CRBN-/- cells expressing HA-tagged substrates were lysed and
incubated with anti-HA antibody to pull down substrates. CRBN
positive cells expressing shGSPT1 that specifically knocks down
GSPT1 were lysed, then mixed with the substrates obtained from
CRBN-/- cells. The mixture was incubated with DMSO alone or
compounds. Immunoprecipitation using anti-HA antibody was
performed. Then, immunoblotting was performed using anti-CRBN or
anti-HA antibodies.
[0781] As shown in FIG. 2, Compound C promotes the interaction
between CRBN and its substrates IKZF1, GSPT1, or GSPT2. As shown,
lenalidomide also promotes the binding of CRBN with its substrate
IKZF1, but not with other substrates GSPT1 or GSPT2. The
lenalidomide-induced CRBN-IKZF1 interaction is abolished by a
specific mutation Q146H in IKZF1.
[0782] 6.4 GSPT1 Level Reduces in Response to Treatment with
Compound C in Lymphoma Cell Line.
[0783] Lymphoma cell line OCI-LY10 was used for Western blot
analysis after treatment with DMSO, 100 .mu.M thalidomide, 10 .mu.M
lenalidomide, 1 .mu.M pomalidomide, 1 .mu.M Compound A, 10 .mu.M
Compound A, 100 .mu.M Compound B, or 100 .mu.M Compound C for 6
hours. Cells were harvested with RIPA buffer, and proteins from
cell lysates were separated by 10% sodium dodecyl sulfate
polyacrylamide (SDS-PAGE) gel electrophoresis (Bio-Rad), then
transferred to PVDF membranes (Invitrogen). Immunoblots were probed
with antibodies recognizing Aiolos (9-9-7; Celgene), CK1a (Abcam),
GSPT1 (Sigma), ZFP91 (LSBio) and .beta.-actin (Li-Cor). Signals
were detected with a Li-Cor Odyssey imager. FIG. 3 shows that GSPT1
protein level reduces in response to the treatment with Compound C
but not the other treatment compounds in the lymphoma cell line. In
addition, as shown in FIG. 3, Aiolos and CK1a protein levels also
reduce in response to the treatment with Compound C.

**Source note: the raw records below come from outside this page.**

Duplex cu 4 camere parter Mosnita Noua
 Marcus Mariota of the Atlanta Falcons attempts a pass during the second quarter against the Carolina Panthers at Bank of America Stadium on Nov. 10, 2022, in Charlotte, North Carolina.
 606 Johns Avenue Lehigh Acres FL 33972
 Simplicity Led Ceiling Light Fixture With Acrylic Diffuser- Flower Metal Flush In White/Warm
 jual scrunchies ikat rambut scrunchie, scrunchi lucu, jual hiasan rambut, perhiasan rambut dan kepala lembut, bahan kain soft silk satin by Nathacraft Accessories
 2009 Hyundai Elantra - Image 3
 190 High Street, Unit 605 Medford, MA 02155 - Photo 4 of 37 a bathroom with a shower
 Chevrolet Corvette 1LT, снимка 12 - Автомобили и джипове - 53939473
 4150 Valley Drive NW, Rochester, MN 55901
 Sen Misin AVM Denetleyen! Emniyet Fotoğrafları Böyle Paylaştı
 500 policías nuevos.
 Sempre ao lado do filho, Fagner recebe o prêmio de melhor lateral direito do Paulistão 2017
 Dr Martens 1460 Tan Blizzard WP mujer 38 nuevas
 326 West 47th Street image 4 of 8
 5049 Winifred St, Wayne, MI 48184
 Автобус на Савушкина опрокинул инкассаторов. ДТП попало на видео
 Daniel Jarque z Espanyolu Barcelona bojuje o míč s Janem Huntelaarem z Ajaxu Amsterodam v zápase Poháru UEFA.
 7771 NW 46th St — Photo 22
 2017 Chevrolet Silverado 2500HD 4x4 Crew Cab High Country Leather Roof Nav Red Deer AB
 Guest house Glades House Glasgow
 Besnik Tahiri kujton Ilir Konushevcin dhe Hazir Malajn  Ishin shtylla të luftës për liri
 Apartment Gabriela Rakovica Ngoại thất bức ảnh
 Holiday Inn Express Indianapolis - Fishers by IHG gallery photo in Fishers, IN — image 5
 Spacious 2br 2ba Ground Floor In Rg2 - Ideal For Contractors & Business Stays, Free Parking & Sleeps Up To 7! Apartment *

[0784] 6.5 Compound C Induces Depletion of GSPT1 and Its Binding
Partner eRF1 in 293FT HEK cells.
[0785] Immunoblotting demonstrates that Compound C induces
depletion of GSPT1 and eRF1 in 293FT HEK cells. CRBN+/+(293FT
parental) cells were treated in parallel with CRBN-/- (CRISPR)
cells, CRBN-/- cells expressing CRBN isoform 2, and CRBN-/- cells
expressing CRBN isoform 2 with a W385A mutation. As shown in FIG.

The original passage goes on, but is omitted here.